Si dice anche che non vogliano lavorare…
«Esattamente quello che pensavano i romani dei baraccati negli anni Sessanta e Settanta. Di coloro che vivono ai margini si dice sempre che non vogliono lavorare, fanno tanti figli e poi magari hanno anche oggetti di grande valore: una volta era la radio, oggi il Mercedes…».
È vero che sono propensi a delinquere?
«Si tratta di una percezione, non ci sono studi scientifici che lo dimostrano. Certo dove c’è marginalità il livello di delinquenza è più alto: pensiamo alle baraccopoli di Nairobi in Kenya o di Salvador de Bahia in Brasile. Sono situazioni fisiologiche, non culturali».
Come si mantengono?
«Per lo più con lavori informali: raccolta e lavoro del ferro, di oggetti inutilizzati che poi vengono sistemati e venduti, sempre in mercati informali. Ancora, facendo traslochi. È un’economia sommersa nella quale sono coinvolti anche non rom».
Perché in Italia l’antiziganismo è così diffuso e si manifesta con picchi di violenza?

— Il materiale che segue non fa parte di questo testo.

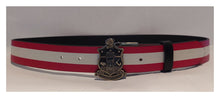 Load image into Gallery viewer, Kappa Alpha Psi Black Belt and Bronze Buckle Combination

«L’antiziganismo in Italia è una costante, scorre sotto traccia. Quando qualche leader politico o esponente delle istituzioni sdogana, pompa, l’odio, allora la popolazione si sente legittimata all’insulto e alle violenza. Le politiche non inclusive sono generate e traggono la loro ragion d’essere dal pregiudizio presente nel sentire comune. E proprio queste politiche finiscono per giustificare, rafforzare e amplificare l’antiziganismo».